**YOUR ASSIGNMENT**
Among the entries below, only the lines from the one with "Classic London Blue" through the one with "8'x10' Zigzag with" are to be retyped, exactly and without pictures.

**PROVIDED MATERIAL**
_ _ _ _

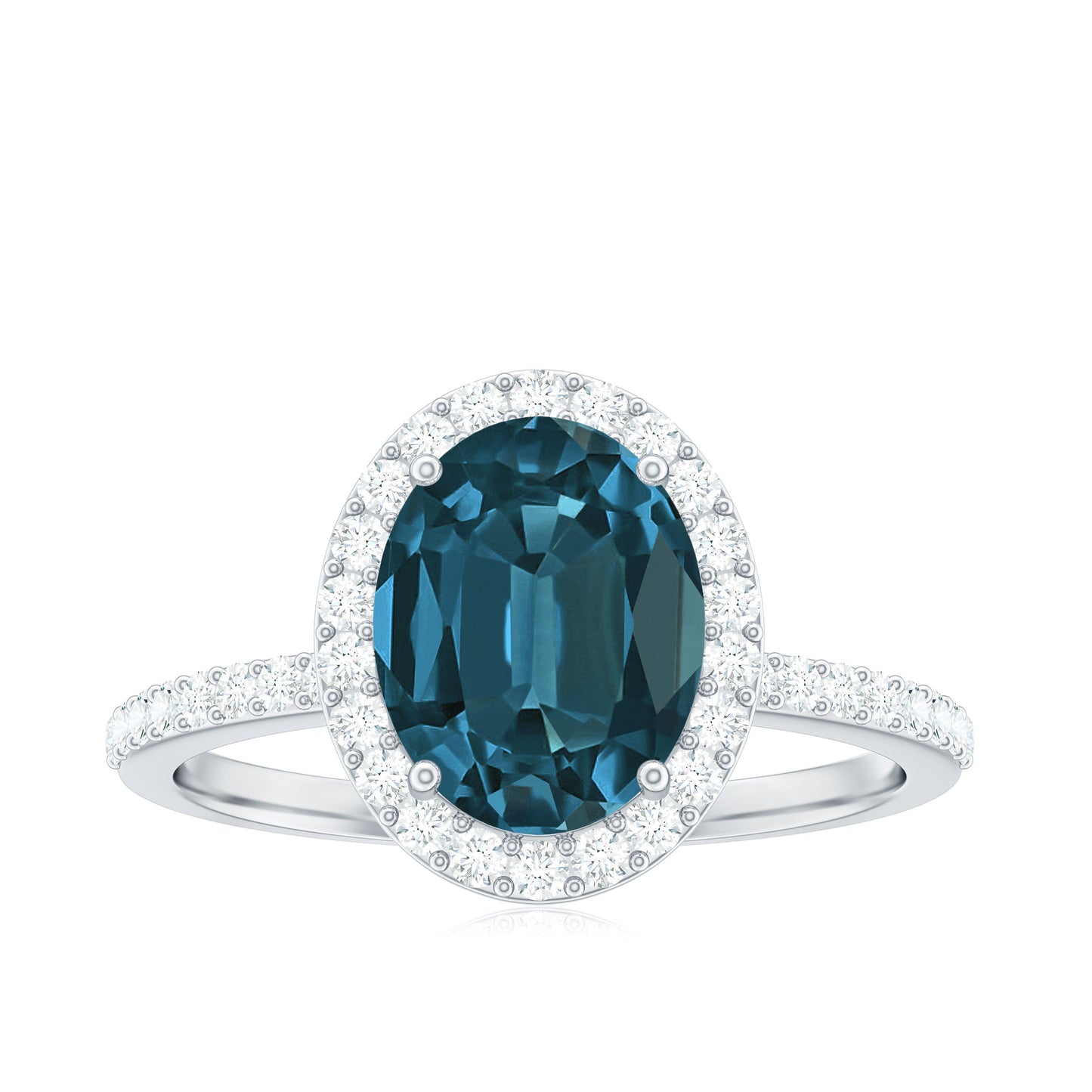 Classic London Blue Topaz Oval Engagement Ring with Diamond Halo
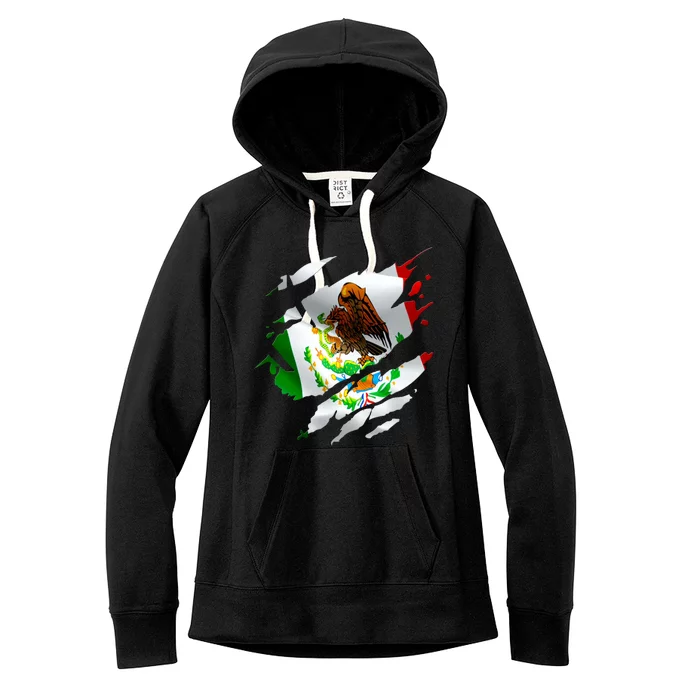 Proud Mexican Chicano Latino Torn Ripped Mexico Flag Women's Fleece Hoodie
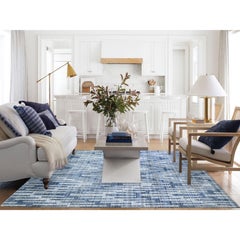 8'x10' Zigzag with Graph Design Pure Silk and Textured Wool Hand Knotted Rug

_ _ _ _

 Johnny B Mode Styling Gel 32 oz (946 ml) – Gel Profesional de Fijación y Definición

_ _ _ _

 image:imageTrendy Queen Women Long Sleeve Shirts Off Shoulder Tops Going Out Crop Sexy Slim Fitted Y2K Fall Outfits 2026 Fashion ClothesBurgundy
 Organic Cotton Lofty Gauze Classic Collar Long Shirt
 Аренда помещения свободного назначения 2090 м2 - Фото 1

_ _ _ _

**EXERCISE OUTPUT**
 Classic London Blue Topaz Oval Engagement Ring with Diamond Halo
 Proud Mexican Chicano Latino Torn Ripped Mexico Flag Women's Fleece Hoodie
 8'x10' Zigzag with Graph Design Pure Silk and Textured Wool Hand Knotted Rug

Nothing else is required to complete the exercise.